Esta foi uma daquelas epifanias que me remeteu diretamente ao tipo de humor que o Tico usaria. Adoro o trabalho do Caetano. “Transa” é um dos melhores discos brasileiros de todos os tempos, mas ele acabou se tornando a única entidade a ser consultada sobre qualquer expressão artística brasileira. Acredito que haja outros depoentes vivos que possam firmar a importância de este ou aquele movimento cultural que não seja o Caetano. Nunca foi minha intenção desmerecer a Tropicália ou sua importância, mas estava tirando um sarro de uma saída fácil utilizada por outros colegas documentaristas. Para se ter uma ideia, contei por cima 37 longas documentários com depoimentos do Caetano no IMDb! Como o Joelho de Porco foi sempre marginalizado, especialmente fora de São Paulo, achei que tratá-lo com a proximidade que tratei seria o melhor retrato para este Elo perdido do Rock Brasileiro. Procurar uma afirmação externa para sua importância seria chover no molhado.

A ideia de produzir um documentário focado na figura de seu tio Tico Terpins é recente ou já povoava os seus pensamentos desde o início de seu envolvimento com cinema em ofícios além da direção?

Um sonho muito antigo, antes até de meu envolvimento com a indústria do cinema nacional. De quando o Tico, frente à minha veneração adolescente à grandes diretores de publicidade no fim dos anos 1980, jogou um “Músicos fazem discos, cineastas fazem filmes” que me perseguiu por alguns anos até conseguir completar este filme. Meus curtas foram propositalmente sobre assuntos diversos, aguardando a oportunidade de fazer este longa. Mas com certeza o montante gasto com analistas durante todos estes anos foi maior do que o utilizado na produção do filme, ele traz uma carga emocional e pessoal muito grande.

Deduzo que produzir um documentário sobre uma figura tão próxima a você foi facilitador em alguns aspectos, como o acesso aos arquivos pessoais e a proximidade com os depoentes.

Contei com o parceiro pesquisador Remier Lion, o mesmo do filme do Raul (que, sim, tem o Caetano). Foi muito importante o guia de pesquisa que ele me passou, mesmo em se tratando de acervos dentro da família. Tinha um tio avô chamado Mendel, ele era um técnico cinematográfico e chegou a produzir peças publicitárias em 16mm nos anos 1950. Graças a ele tínhamos um extenso registro em 16mm e posteriormente em Super 8. Mesmo assim, fomos surpreendidos com material inédito, como o registro do Teatro Ruth Escobar de Mardito Fiapo de Manga em 16mm que abre o filme na TV Cultura.

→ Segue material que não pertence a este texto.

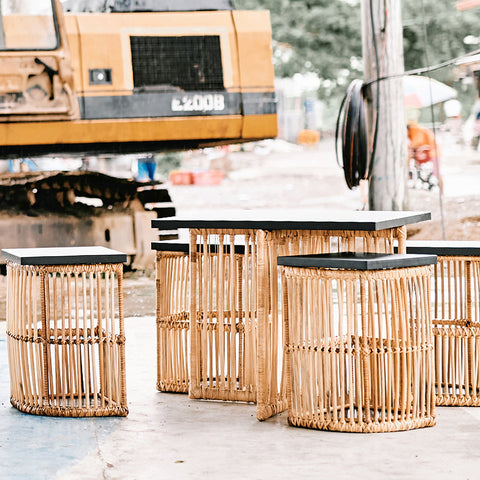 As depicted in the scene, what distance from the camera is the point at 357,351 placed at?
4949 mm

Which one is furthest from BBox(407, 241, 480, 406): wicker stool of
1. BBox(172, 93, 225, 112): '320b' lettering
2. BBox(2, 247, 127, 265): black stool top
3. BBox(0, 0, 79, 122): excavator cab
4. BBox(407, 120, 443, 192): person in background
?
BBox(407, 120, 443, 192): person in background

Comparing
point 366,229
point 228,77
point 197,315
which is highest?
point 228,77

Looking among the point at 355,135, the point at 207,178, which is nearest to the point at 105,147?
the point at 355,135

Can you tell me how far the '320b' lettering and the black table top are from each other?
4.95m

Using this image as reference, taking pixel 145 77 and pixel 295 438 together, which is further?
pixel 145 77

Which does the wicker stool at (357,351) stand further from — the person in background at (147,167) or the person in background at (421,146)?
the person in background at (421,146)

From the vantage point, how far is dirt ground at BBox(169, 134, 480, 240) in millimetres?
18705

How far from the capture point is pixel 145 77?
1055cm

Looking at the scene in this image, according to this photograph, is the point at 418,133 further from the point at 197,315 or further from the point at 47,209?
the point at 197,315

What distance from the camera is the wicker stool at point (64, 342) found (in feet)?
17.4

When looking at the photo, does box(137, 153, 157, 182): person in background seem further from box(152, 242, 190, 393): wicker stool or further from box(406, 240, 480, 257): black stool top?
box(406, 240, 480, 257): black stool top

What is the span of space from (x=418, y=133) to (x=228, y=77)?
1296cm

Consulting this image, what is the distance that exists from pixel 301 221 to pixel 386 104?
5.53 m

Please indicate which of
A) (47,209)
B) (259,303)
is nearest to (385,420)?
(259,303) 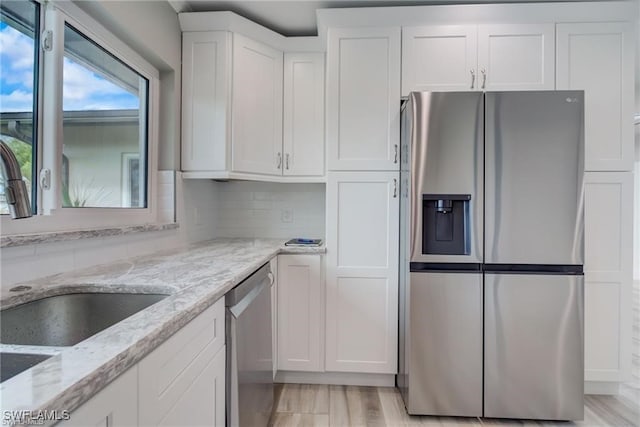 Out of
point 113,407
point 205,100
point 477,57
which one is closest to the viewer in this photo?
point 113,407

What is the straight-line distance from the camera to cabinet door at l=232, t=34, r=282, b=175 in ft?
6.83

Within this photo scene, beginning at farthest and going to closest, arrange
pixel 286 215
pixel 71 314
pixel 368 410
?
pixel 286 215
pixel 368 410
pixel 71 314

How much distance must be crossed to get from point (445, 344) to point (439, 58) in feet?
5.50

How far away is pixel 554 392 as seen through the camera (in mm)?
1699

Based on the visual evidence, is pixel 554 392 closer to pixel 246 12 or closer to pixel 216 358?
pixel 216 358

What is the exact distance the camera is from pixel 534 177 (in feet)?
5.55

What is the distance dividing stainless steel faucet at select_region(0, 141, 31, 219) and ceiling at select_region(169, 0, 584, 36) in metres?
1.71

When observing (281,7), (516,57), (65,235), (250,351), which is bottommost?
(250,351)

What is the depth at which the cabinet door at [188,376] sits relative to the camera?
2.31ft

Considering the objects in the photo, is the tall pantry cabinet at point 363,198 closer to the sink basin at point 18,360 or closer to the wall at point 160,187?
the wall at point 160,187

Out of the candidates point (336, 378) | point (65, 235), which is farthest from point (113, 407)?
point (336, 378)

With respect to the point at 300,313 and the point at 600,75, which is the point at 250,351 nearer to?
A: the point at 300,313

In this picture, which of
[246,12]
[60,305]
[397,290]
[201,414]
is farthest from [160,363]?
[246,12]

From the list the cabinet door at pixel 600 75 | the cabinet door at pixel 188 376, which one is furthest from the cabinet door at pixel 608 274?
the cabinet door at pixel 188 376
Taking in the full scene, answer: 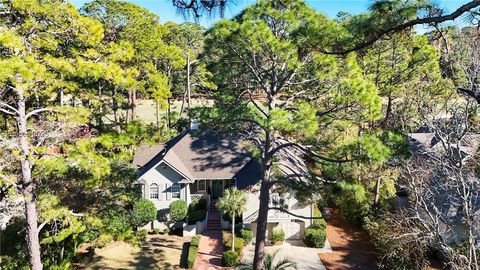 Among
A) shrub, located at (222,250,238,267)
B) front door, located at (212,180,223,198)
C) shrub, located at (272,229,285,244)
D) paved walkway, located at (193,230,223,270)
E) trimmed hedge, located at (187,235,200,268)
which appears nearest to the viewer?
trimmed hedge, located at (187,235,200,268)

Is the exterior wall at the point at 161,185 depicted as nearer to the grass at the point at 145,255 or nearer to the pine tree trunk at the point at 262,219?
the grass at the point at 145,255

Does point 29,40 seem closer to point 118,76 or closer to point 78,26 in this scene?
point 78,26

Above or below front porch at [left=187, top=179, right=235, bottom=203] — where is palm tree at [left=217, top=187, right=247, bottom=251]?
below

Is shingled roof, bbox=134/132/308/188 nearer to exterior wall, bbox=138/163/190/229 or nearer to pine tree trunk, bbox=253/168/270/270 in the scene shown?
exterior wall, bbox=138/163/190/229

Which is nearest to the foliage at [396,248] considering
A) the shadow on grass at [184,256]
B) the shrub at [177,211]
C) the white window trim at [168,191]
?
the shadow on grass at [184,256]

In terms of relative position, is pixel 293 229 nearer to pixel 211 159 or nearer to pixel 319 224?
pixel 319 224

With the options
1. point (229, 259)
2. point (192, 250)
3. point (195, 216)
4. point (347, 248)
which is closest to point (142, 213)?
point (195, 216)

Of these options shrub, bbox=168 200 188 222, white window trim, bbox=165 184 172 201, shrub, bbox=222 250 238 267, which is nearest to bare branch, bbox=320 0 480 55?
shrub, bbox=222 250 238 267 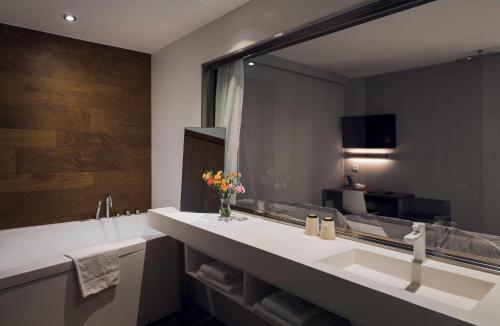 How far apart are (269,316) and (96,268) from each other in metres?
1.27

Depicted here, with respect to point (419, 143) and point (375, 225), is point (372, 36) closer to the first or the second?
point (419, 143)

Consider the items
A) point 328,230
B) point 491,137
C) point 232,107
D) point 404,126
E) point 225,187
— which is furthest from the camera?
point 232,107

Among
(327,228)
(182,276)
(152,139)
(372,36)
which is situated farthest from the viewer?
(152,139)

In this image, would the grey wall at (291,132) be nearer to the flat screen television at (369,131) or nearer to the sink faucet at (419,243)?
the flat screen television at (369,131)

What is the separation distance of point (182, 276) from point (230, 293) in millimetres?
1030

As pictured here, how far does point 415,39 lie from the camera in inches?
60.4

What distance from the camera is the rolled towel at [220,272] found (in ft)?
6.92

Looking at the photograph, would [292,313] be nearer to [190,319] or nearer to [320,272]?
[320,272]

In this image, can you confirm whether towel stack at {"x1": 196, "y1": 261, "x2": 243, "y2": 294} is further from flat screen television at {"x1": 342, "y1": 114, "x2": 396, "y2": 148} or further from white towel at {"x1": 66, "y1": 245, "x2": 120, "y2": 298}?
flat screen television at {"x1": 342, "y1": 114, "x2": 396, "y2": 148}

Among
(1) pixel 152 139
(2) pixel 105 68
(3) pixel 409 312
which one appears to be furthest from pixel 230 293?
(2) pixel 105 68

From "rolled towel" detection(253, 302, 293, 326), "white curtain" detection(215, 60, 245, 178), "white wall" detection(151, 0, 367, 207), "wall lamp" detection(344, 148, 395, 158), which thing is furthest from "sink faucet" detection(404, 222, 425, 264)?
"white curtain" detection(215, 60, 245, 178)

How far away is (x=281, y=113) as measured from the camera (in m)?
2.64

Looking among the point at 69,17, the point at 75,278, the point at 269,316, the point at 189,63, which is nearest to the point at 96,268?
the point at 75,278

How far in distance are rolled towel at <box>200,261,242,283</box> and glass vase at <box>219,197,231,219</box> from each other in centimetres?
34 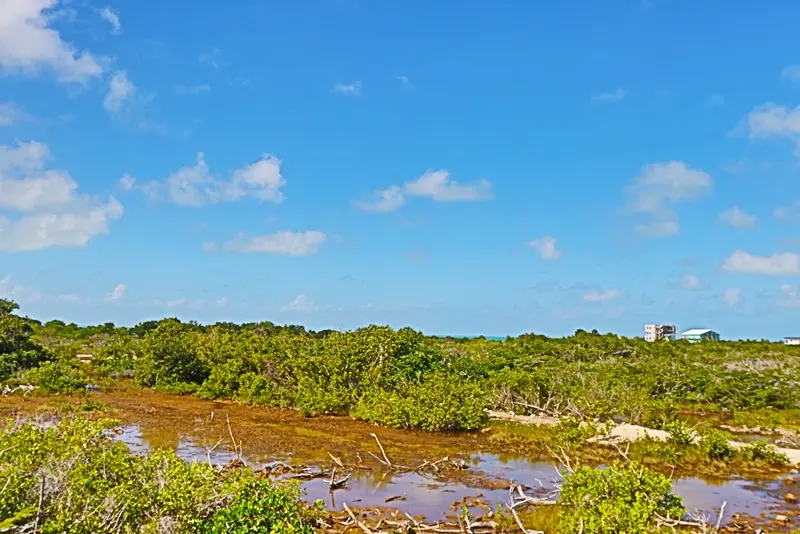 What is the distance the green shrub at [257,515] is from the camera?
7137 millimetres

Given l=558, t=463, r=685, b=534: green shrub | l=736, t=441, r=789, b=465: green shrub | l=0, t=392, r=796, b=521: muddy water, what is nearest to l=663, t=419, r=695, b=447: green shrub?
l=736, t=441, r=789, b=465: green shrub

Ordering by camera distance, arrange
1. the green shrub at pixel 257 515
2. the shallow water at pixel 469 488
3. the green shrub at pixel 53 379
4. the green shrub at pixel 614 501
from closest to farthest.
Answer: the green shrub at pixel 257 515 < the green shrub at pixel 614 501 < the shallow water at pixel 469 488 < the green shrub at pixel 53 379

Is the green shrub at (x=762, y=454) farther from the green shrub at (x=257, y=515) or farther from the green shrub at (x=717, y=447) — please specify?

Meu Tio e o Joelho de Porco

Mesmo nessa posição privilegiada, se deparou com muitos revezes?

Se o Michael Moore morasse no Brasil, ele seria raquítico e não encontraria trabalho nenhum. Não deveria haver entraves para utilização de imagem de ninguém. Se há difamação, que seja julgada, mas nossa lei retrógrada protege corruptos e apaga o passado. O Billy Bond ameaçou me processar, assim como fez quando o Joelho lançou seu primeiro disco com Zé Rodrix na década de 1980. Fui obrigado a borrar suas feições no filme. O outro revés foi que não consegui utilizar a performance inesquecível do Joelho no programa “Os Trapalhões” de 1978.

“Meu Tio e o Joelho de Porco” adota algumas escolhas que o fazem sair de um formato trivial de documentário, do uso do stop motion até as parcerias com André Abujanra e Di Moretti, respectivamente autor da trilha original e supervisor do roteiro. Poderia comentar sobre as intenções por trás delas?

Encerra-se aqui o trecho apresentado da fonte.